Any person on whose application any Civil, Revenue or Criminal Court has refused to make a complaint under Sec, 476 or Section 476-A or against whom such a complaint has been made, may appeal to the Court....

2. From this it is quite clear that a person who has made no application for action being taken under Section 476 has no right of appeal under Section 476-B, Criminal P.C. The learned Counsel for the respondents challenged the accuracy of that proposition and relied upon a decision of this Court in Emperor v. Ram Prasad : AIR1929All899 . It was argued upon the basis of that decision that there was a right of appeal in any case, whether an application had or had not been made to the Court under Section 476, Criminal P.C. A perusal of the decision would however make it quite clear that it does not support the contention made by the learned Counsel. It relates only to the case of a person against whom a complaint has been made and not to a person on whose application the Court has refused to make a complaint. The passage which I have already quoted from Section 476-B clearly gives the right of appeal to any person against whom any Court makes a complaint, whether on its own motion or upon an application made by a party. It is therefore beyond all doubt that the appellant could not have gone up in appeal from the order passed by the Munsif of Mirzapore refusing to take any action under Section 476, Criminal P.C. The order of the learned Civil Judge is therefore obviously wrong being based upon an erroneous assumption that the appellant had a right of appeal from the Munsif's order refusing to make a complaint.
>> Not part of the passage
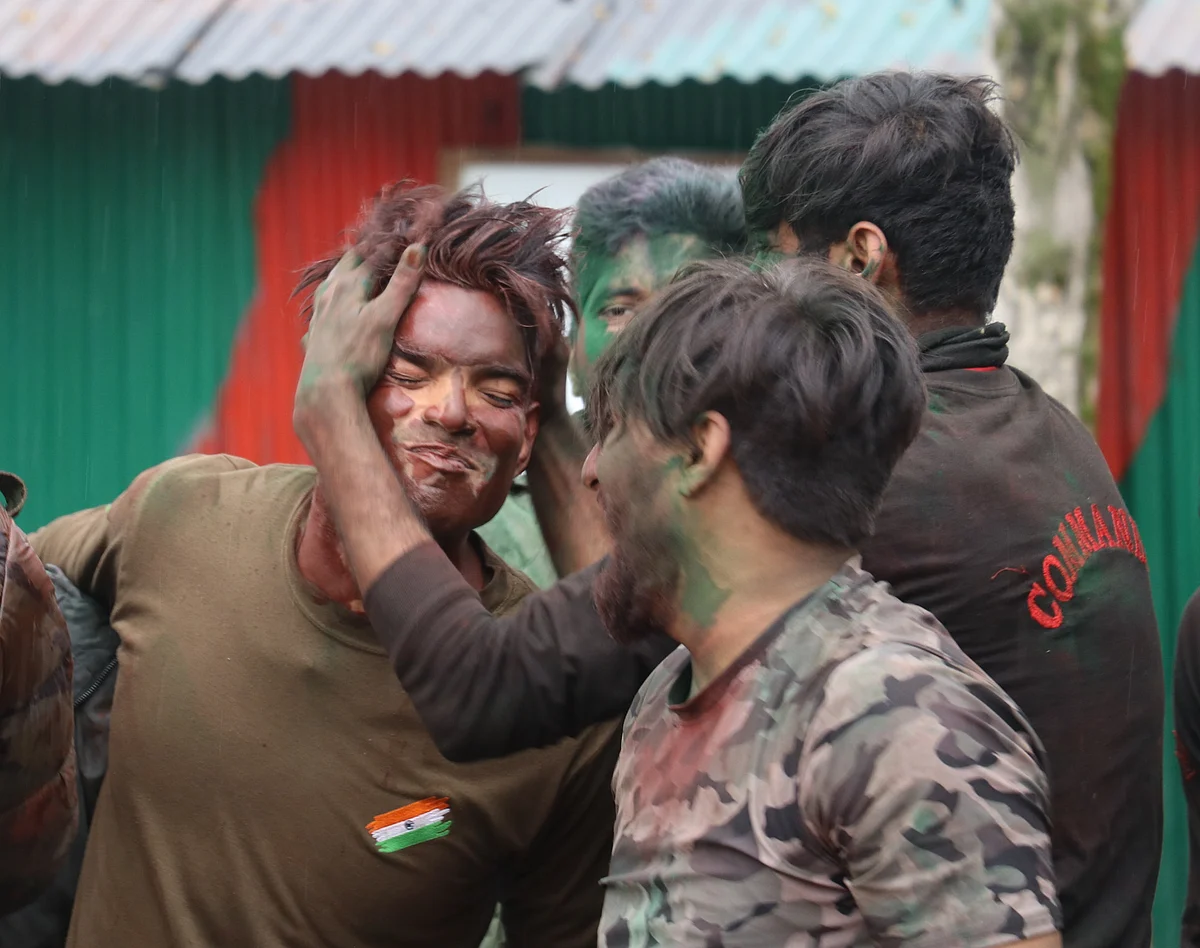 Indian Army soldiers celebrate Holi inside their base camp on the outskirts of Srinagar on March 29, 2021, in Kashmir.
3. If that were the only point to be considered in the case, the appeal would undoubtedly have succeeded, but there is another difficulty in the way of the appellant, and that is the question whether any appeal can lie to this Court from the order of the learned Civil Judge. The appellant had made an application under Section 476-A to the learned Civil Judge, and that application has been rejected. Under Section 476-B, the appellant has therefore a right of appeal 'to the Court to which such former Court is subordinate within the meaning of Section 195(3).' The question therefore is whether the Court of the Civil Judge at Mirzapur can be deemed to be a Court subordinate to this Court within the meaning of Section 195(3). Now Section 195(3) provides that:

A Court shall be deemed to be subordinate to the Court to which appeals ordinarily lie from the appealable decrees or sentences of such former Court or, in the case of a Civil Court from whoso decrees no appeal ordinarily lies, to the principal Court having ordinary original civil jurisdiction within the local limits of whose jurisdiction such Civil Court is situated.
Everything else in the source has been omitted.